I think I’ve started to lose my mind. I had a good 25 years, made it to my quarter century birthday, did a few bucket list things, dyed my hair blonde…by any standard, I had a good run – but I’m afraid my voice of reason has left the building. You know that little voice, the one in your head that tells you not to do certain things because they’re dangerous/could cause you bodily harm or physical damage/overall death (i.e. jumping off buildings, setting yourself on fire, etc.)? Yeah, well, I think it’s gone missing. I know for sure it used to be there, but that was before all the half marathons. Before the sky diving. Before the zip lining. Before eating Uni. I haven’t heard from it in a while and I’m getting a little concerned. Especially after this past weekend. The weekend that I VOLUNTARILY participated in a little running event called the Ragnar Relay Race.

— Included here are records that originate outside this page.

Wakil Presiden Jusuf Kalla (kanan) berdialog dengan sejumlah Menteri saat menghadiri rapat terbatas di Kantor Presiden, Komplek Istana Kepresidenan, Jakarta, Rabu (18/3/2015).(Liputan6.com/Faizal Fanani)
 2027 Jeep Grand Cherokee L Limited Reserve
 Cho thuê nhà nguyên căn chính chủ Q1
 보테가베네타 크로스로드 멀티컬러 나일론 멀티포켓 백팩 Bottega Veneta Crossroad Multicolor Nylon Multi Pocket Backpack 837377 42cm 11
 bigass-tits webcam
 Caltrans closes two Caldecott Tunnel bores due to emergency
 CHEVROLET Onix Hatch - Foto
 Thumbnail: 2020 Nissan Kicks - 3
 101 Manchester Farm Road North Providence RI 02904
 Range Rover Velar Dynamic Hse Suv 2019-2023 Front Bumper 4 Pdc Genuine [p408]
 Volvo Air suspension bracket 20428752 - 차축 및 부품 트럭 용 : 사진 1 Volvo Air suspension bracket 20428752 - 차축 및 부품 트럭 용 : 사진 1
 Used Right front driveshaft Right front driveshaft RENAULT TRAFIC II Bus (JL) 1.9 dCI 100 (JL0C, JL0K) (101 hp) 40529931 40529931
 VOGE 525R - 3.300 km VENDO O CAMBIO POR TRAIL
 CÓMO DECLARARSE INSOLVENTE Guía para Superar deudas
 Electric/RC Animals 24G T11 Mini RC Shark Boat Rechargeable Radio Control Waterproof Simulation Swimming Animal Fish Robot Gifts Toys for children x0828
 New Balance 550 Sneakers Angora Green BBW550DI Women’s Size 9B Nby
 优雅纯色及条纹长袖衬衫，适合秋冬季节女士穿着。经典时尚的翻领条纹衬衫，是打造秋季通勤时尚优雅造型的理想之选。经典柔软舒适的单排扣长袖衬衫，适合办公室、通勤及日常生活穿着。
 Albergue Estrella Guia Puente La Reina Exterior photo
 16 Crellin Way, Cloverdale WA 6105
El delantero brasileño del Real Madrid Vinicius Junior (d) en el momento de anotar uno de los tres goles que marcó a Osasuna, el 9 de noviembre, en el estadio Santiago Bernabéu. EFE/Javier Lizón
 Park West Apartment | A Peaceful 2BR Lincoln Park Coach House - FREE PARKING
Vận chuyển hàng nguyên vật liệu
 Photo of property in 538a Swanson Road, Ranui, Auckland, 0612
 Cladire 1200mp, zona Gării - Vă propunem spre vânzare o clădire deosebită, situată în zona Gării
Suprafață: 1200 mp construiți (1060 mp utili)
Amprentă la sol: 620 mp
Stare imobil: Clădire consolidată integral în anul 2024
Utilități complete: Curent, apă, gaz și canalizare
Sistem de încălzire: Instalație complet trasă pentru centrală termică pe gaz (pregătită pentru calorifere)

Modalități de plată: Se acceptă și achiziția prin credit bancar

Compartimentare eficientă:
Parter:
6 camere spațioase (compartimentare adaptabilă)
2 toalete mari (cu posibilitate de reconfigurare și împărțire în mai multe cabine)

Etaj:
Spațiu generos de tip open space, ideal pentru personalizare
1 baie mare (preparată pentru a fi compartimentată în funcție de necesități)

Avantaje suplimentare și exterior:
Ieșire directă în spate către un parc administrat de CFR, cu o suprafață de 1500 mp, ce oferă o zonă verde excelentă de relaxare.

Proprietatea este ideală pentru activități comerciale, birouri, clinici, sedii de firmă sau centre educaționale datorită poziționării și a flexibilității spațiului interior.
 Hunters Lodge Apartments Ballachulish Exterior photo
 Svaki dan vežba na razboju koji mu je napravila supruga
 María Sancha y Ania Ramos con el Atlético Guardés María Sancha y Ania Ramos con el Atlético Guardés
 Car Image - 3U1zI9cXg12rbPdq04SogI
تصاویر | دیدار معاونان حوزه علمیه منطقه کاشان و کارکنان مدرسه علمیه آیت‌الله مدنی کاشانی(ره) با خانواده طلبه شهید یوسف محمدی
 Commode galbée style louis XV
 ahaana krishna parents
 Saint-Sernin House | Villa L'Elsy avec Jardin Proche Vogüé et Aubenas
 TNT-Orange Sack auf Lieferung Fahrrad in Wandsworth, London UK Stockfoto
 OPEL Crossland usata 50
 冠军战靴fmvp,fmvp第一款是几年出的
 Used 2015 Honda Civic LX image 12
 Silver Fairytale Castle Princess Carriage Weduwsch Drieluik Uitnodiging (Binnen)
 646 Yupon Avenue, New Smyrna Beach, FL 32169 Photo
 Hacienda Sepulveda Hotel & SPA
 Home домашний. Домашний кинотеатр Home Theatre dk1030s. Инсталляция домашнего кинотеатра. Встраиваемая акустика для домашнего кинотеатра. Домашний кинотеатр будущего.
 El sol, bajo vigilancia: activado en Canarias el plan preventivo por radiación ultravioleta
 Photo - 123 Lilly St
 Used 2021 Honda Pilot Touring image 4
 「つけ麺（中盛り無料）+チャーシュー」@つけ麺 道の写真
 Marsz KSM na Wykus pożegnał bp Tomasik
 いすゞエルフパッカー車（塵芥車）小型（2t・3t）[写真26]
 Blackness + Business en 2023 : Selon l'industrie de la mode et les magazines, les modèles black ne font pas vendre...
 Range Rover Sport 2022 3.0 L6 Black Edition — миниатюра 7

Now before I start & for those who do not know me – I am a passionately avid runner. I love everything about it – the silence, the clarity, the pain, the cramps, the runners high…I’m all about it. I embrace, I live for it. So when my friend asked if I wanted to “do Ragnar”, I figured why not? – I had done Reach the Beach, a couple half marathons, a few dozen 5Ks, so of course I can run THIS. People, please please please do not assume that “of course” you can do anything (this course or any course for that matter). What’s happened in the past, was in the past, don’t take it as Bible. This is the perfect example of what not to assume because if this wasn’t a test of stamina, endurance, mental toughness and overall grit… I don’t know what is.
Quick Background: Unlike a typical race/tough mudder/spartan/etc. this is a stop start, 24 hour, multi distance race, up a futher muckin mountain. This is not something you start, bust ass for a couple miles and obstacles & then it’s done. I mean I guess it is, but then you do it again. And again. And if you’re really lucky, AGAIN. It’s like torture for a full day and 1 sleepless night.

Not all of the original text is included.